New Year’s Day and Haitians are quaffing pumpkin soup by the gallon, drinking in the 210th anniversary of their independence. For all his histrionics and high drama, Moliere would probably have understood Haiti’s fascination with Soup Joumou exactly. “I live on good soup, not on fine words,” he once said and for Haitians, the good soup represents the finest words they ever heard: liberty.
Partaking of the food forbidden by their French masters is a delicious way to live freedom. I’ve lived in six countries in the last five years and a few others before that, but I could never have imagined a people so consumed by soup. (At its most basic, soup is surely the most basic of foods and can be the cheapest, most forgiving dish to feed a crowd. Consider stone soup, refrigerator soup, garden soup, bean soup, anything-goes soup.)
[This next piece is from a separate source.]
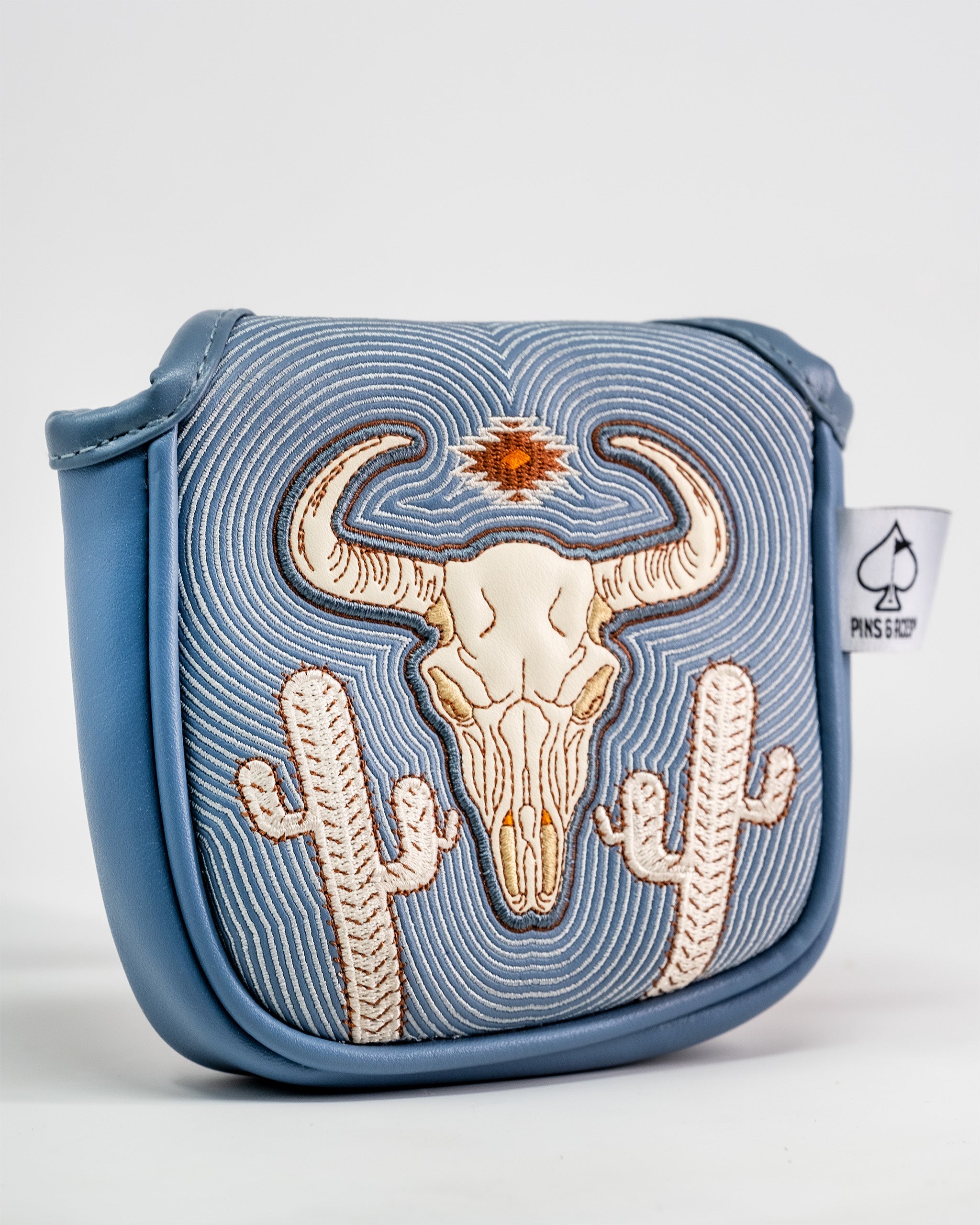 Embroidered Western Aesthetic Mallet Putter Cover featuring a bull skull, cacti, and southwestern design on a blue background.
The story goes that it was illegal under the French for Haitian slave to eat soup. The privilege was rather puzzingly reserved for the master. (Puzzling because soup is cheap and presumably the very thing you’d want the slaves to eat, but perhaps the French wanted to be as difficult as possible.) Another story goes that the French reserved for themselves the right to eat Soup Joumou. So when Haiti signed its Declaration of Independence in the city of Gonaives on January 1, 1804, liberty was interpreted as the chance to guzzle unlimited amounts of soup.
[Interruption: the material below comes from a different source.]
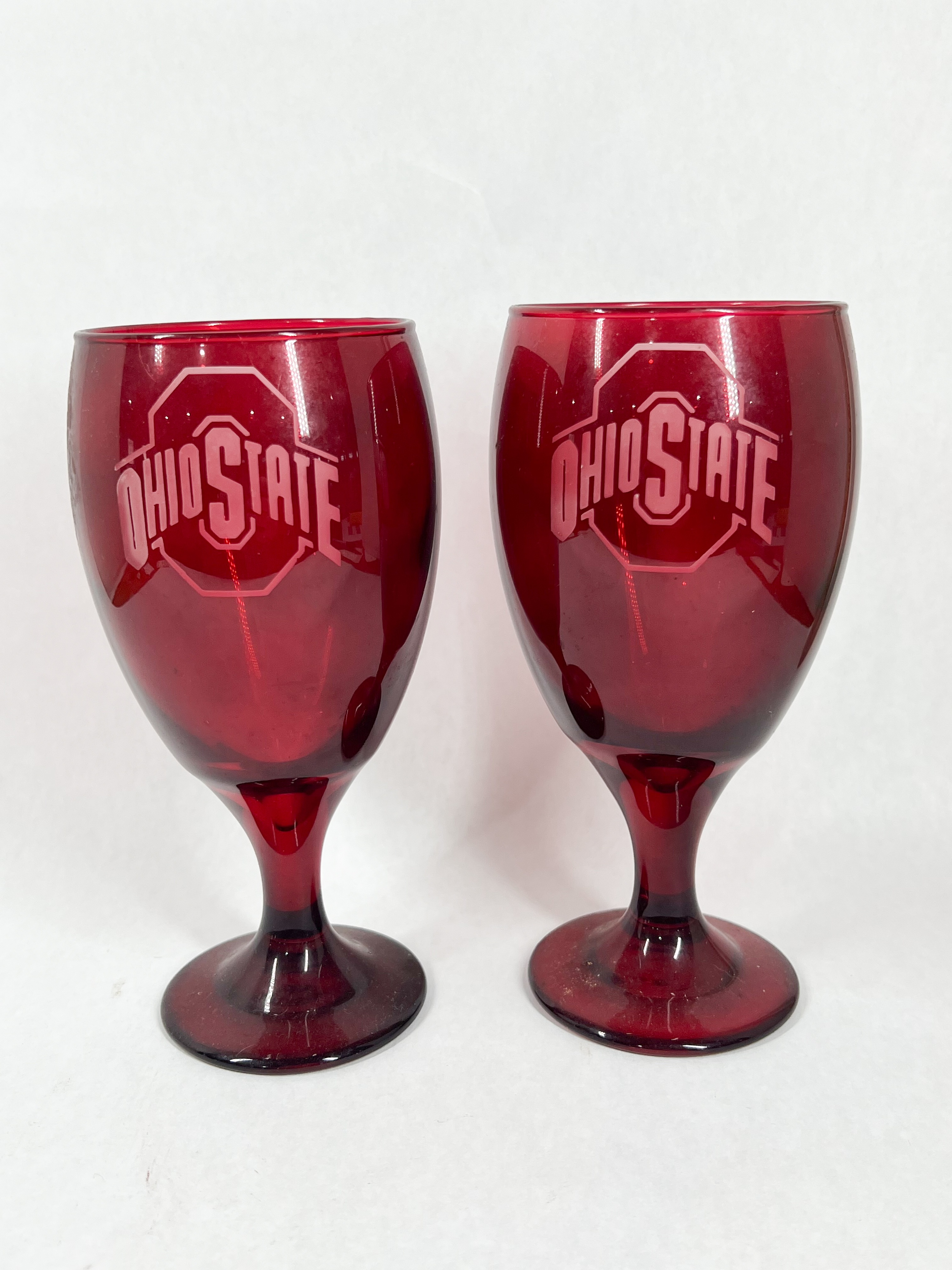 A PAIR OF OHIO STATE RED GLASS GOBLETS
New Year’s Day or Haitian Independence Day consequently means cooking and eating Soup Joumou. Every family has its own particular recipe. Every family tries to keep to tradition. It is a unique and rather touching add-on to the revolutionary fervor that sustained Haiti through the 13-year freedom struggle that established it as the world’s first black republic. T’was well said that a first-rate soup is more creative than a second-rate painting. Or memories of a revolution.